The Company has prepared its consolidated financial statements in conformity with accounting principles generally accepted in the United States (US GAAP). Unless otherwise specified, all dollar amounts discussed are in Canadian dollars. Please see the Company’s Management’s Discussion and Analysis (“MD&A”) for the quarter and year ending December 31, 2018 for further detail on the matters discussed in this release.
Highlights of the Fourth Quarter Ended December 31, 2018
- Revenue for the quarter was $131.0 million, compared to $82.0 million for the prior year, an increase of 60%.
- Adjusted EBITDA for the quarter was $28.4 million compared to $18.1 million for the prior year, an increase of 57%.
- On November 1, 2018, the Company closed the acquisition of a 49% ownership interest in Nuna Logistics Limited and related companies (collectively "Nuna"), a civil construction and contract mining company based in Edmonton, Alberta, for $42.8 million in cash.
- On November 23, 2018, the Company closed the purchase of a heavy construction equipment fleet for $198 million.
- On November 23, 2018, the Company entered into an upsized Amended and Restated Credit Agreement (the “Credit Facility”) with its banking syndicate led by National Bank Financial. The Credit Facility is consistent with existing terms, maintains attractive rates and provides sufficient flexibility to allow for the significant asset acquisition transaction and additional growth initiatives.
• The Credit Facility provides borrowings of up to $300.0 million with an ability to increase the maximum borrowings by an additional $50.0 million, subject to certain conditions (an increase from the $140.0 million borrowing available under the previous facility).

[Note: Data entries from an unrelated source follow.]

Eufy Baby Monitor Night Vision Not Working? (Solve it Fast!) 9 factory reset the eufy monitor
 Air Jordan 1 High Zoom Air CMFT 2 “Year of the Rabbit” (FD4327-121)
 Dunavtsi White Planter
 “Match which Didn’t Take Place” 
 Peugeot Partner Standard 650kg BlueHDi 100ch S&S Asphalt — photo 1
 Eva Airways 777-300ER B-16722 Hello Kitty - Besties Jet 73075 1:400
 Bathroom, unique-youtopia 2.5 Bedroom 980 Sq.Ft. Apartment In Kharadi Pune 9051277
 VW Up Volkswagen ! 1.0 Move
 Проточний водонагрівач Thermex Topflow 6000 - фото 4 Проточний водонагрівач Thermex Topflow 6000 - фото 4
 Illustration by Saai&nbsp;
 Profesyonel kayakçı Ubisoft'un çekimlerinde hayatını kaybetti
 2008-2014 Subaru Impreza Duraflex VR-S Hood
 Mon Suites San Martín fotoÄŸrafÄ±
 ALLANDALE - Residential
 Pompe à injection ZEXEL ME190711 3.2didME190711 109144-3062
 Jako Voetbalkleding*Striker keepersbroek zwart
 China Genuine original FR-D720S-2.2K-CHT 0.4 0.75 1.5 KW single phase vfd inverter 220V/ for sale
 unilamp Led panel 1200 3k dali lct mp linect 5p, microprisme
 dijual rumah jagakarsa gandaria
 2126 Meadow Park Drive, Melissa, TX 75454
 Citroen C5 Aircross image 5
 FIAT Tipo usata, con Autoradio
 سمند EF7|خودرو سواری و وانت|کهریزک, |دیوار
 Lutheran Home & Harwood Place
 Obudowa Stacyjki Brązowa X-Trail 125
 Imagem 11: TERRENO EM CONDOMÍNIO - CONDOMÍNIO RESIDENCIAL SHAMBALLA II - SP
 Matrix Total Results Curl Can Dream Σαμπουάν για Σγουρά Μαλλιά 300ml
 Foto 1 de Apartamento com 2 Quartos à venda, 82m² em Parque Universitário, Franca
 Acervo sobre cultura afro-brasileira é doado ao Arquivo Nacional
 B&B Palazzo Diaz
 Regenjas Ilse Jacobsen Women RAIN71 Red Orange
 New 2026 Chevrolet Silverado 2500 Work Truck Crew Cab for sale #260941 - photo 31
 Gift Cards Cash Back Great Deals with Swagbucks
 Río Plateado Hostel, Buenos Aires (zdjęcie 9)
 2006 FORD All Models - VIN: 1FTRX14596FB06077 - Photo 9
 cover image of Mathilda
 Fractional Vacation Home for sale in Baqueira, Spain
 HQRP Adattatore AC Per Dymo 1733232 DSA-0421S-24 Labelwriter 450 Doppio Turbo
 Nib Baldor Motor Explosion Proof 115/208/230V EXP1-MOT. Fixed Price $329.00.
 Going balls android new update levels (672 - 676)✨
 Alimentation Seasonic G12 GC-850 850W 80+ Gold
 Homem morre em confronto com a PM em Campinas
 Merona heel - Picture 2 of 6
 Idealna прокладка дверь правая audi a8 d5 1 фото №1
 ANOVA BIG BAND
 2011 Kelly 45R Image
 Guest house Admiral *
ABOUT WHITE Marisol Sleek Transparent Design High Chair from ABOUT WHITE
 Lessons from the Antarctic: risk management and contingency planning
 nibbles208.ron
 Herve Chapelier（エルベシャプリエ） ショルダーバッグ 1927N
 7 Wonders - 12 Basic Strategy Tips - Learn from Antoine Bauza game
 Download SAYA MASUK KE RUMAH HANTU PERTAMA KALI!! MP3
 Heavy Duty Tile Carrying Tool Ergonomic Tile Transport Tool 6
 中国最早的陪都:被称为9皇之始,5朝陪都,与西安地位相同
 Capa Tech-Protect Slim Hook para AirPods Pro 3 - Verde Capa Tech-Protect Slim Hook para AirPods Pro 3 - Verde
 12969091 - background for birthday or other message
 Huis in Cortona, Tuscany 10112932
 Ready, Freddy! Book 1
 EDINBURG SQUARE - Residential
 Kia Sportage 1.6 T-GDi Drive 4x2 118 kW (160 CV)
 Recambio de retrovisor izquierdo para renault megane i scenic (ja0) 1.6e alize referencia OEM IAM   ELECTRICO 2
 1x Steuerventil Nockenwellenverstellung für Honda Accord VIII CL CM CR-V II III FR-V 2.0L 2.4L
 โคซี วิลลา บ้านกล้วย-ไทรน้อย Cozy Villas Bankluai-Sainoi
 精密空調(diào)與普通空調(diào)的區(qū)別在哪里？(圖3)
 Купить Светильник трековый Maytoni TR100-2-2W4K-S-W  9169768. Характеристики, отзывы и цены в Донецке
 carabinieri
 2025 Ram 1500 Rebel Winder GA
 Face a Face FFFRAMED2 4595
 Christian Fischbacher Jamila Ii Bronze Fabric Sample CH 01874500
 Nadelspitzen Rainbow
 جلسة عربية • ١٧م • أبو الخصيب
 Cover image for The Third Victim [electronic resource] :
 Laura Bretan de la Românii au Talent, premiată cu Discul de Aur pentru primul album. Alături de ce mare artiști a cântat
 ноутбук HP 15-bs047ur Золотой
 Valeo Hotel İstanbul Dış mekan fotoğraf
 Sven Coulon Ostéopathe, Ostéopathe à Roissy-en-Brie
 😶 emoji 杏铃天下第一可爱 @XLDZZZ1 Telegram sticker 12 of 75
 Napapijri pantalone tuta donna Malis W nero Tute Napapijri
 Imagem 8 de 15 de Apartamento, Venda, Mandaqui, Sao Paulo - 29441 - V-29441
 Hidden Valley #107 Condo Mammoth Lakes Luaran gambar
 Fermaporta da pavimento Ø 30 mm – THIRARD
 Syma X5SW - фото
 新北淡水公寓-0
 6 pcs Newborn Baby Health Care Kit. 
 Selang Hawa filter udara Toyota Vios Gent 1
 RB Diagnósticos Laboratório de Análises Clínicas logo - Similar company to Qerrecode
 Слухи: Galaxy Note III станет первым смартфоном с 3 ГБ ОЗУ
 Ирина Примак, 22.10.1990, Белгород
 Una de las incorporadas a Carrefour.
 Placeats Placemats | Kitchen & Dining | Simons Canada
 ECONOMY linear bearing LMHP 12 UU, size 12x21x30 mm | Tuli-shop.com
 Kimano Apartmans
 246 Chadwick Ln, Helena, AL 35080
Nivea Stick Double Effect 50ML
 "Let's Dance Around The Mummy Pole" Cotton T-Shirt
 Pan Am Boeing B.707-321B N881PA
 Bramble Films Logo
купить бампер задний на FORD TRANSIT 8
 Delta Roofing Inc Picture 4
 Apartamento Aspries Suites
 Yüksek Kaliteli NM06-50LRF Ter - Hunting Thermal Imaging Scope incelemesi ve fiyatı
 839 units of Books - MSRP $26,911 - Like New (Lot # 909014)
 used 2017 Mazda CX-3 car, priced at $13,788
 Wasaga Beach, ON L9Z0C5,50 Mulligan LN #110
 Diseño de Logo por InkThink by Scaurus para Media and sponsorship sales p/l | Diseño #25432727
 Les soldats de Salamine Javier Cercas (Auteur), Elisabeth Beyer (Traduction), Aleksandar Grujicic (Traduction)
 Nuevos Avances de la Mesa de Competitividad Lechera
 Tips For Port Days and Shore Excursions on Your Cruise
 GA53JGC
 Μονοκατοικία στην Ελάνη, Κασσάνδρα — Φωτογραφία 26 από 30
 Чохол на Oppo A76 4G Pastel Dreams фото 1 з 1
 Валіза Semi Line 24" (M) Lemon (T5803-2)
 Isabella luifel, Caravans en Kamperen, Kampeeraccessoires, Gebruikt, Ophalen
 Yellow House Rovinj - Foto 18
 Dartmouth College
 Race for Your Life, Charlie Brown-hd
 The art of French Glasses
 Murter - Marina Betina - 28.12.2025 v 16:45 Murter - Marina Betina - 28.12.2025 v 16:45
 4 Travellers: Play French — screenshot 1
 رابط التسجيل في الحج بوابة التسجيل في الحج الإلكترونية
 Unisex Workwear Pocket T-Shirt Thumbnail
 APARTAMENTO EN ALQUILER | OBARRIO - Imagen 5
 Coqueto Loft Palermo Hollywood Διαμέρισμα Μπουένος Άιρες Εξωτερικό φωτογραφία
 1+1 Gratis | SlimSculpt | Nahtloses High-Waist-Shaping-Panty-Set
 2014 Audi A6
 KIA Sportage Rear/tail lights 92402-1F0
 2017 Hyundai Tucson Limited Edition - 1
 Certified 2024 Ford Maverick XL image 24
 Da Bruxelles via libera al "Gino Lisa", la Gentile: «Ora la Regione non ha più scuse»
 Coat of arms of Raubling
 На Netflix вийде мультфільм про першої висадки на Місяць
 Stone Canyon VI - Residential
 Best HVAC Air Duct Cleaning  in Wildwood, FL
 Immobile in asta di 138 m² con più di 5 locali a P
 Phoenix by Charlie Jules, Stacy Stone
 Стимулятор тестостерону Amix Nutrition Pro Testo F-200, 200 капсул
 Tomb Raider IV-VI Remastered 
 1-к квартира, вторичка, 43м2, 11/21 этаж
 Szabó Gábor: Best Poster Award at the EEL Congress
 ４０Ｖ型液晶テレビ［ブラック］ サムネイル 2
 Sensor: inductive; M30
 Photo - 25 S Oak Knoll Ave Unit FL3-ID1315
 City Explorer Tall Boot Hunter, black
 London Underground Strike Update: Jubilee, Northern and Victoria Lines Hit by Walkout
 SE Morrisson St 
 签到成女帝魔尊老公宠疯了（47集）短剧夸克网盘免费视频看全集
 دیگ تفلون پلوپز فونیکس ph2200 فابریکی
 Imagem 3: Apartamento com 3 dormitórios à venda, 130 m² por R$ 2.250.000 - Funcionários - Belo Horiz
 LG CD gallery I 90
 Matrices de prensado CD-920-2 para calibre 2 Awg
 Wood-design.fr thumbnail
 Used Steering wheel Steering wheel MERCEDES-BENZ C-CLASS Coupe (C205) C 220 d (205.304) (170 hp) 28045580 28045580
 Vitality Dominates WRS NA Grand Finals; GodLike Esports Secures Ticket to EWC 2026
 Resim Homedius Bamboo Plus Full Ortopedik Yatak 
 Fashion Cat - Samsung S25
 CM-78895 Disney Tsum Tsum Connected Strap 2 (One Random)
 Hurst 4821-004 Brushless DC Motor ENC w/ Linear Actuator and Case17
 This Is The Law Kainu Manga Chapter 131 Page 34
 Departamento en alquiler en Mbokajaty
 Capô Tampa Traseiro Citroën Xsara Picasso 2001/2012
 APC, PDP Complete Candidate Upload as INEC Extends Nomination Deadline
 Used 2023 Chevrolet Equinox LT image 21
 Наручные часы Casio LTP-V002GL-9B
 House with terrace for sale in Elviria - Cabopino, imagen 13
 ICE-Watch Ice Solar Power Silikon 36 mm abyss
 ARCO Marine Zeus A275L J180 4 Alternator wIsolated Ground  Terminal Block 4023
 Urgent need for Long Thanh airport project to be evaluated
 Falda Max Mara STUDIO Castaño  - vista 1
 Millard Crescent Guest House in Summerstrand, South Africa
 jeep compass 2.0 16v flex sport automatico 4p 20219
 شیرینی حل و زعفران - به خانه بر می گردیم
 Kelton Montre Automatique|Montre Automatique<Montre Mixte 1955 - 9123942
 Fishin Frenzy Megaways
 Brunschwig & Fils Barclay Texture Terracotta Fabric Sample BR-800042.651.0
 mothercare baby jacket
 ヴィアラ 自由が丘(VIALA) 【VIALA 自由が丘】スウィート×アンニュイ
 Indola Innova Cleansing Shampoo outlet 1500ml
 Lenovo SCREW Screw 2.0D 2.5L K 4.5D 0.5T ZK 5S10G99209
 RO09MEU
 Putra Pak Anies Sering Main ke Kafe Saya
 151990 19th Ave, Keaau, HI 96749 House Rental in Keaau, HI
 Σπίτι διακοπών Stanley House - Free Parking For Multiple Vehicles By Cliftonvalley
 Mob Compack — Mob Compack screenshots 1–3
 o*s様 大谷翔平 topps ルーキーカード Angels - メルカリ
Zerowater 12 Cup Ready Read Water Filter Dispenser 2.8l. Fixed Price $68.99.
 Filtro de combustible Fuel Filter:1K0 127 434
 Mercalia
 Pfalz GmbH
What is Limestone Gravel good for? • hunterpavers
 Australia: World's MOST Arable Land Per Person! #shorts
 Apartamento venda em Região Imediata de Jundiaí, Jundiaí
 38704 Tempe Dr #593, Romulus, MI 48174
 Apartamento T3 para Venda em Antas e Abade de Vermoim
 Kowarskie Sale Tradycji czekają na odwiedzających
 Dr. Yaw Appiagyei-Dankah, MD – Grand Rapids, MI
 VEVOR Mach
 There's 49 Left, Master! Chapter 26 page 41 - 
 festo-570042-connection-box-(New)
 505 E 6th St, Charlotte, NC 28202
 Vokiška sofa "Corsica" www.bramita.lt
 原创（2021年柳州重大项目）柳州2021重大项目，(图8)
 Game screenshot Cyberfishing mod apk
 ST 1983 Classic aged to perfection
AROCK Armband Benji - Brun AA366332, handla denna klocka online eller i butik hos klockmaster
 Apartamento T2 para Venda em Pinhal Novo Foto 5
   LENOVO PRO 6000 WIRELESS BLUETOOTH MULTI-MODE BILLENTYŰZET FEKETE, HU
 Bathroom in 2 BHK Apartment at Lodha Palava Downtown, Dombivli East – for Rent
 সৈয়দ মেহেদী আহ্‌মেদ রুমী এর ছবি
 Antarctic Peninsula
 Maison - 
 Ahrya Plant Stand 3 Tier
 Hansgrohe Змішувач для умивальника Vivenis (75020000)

• The Credit Facility also allows for a capital lease limit of $150.0 million (an increase from the $100.0 million limit under the previous facility) and other borrowing of $20.0 million.
- In November 2018, the Company entered into a newly formed partnership, the Mikisew North American Limited Partnership, to provide construction and mining services to oil sands customers. The Company’s partner, the Mikisew Group of Companies, is directly owned by the Mikisew Cree First Nation. The Mikisew Cree are the largest First Nation of the five Athabasca Tribal Nations and NACG is excited to be business partners and build this relationship in the oil sands region.
- In November 2018, the Company opened its newly constructed $28.0 million Acheson major equipment maintenance and rebuild facility with its corporate office attached, just outside of Edmonton, Alberta. The maintenance facility was custom designed to accommodate all sizes of equipment, including ultra-class 400-ton haul trucks.
- On December 10, 2018, the Company announced a three-year extension of a key Multiple Use Agreement with a major oil sands operator for the performance of reclamation, overburden removal, mine support services and civil construction activities. The long-term extension takes this agreement out to December 2023.
- On December 18, 2018, the Company exercised its right, under a right of first refusal option in the newly extended Multiple Use Agreement with a customer, on an initial offering of thirty-one trucks for delivery during 2019. The arrangement includes sixteen 380-ton capacity ultra-class haul trucks, a first for the Company.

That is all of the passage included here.